__What is expected__. Look through the data below and say how many of its lines contain "White", adding nothing else.

__Data excerpts__.
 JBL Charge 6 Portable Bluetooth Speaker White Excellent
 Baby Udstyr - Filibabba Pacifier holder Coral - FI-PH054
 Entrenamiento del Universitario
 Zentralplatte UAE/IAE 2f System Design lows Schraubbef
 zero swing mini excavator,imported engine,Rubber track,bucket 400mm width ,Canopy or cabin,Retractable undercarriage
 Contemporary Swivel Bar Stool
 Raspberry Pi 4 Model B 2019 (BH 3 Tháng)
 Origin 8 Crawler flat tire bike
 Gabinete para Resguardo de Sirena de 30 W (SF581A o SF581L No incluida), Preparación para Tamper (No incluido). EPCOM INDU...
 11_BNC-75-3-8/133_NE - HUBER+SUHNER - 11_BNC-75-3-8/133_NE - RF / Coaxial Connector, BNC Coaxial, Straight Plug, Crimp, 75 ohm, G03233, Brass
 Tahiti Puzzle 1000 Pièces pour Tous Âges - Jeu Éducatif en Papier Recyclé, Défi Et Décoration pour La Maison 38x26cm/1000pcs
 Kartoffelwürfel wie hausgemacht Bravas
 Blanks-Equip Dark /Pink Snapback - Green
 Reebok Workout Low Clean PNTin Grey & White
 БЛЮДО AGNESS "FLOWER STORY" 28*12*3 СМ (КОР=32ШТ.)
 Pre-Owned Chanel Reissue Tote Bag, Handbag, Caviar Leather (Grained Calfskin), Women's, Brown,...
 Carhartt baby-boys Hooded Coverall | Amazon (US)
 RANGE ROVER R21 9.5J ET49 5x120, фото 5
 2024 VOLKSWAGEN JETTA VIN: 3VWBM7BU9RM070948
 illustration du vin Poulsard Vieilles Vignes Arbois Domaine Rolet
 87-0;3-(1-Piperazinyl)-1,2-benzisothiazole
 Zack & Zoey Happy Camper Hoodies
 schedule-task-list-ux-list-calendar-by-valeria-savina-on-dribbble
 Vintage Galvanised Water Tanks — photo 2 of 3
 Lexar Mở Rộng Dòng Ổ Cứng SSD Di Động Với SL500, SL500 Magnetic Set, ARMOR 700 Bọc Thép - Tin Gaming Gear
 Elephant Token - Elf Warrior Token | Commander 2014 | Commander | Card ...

__Solution for this problem__. 2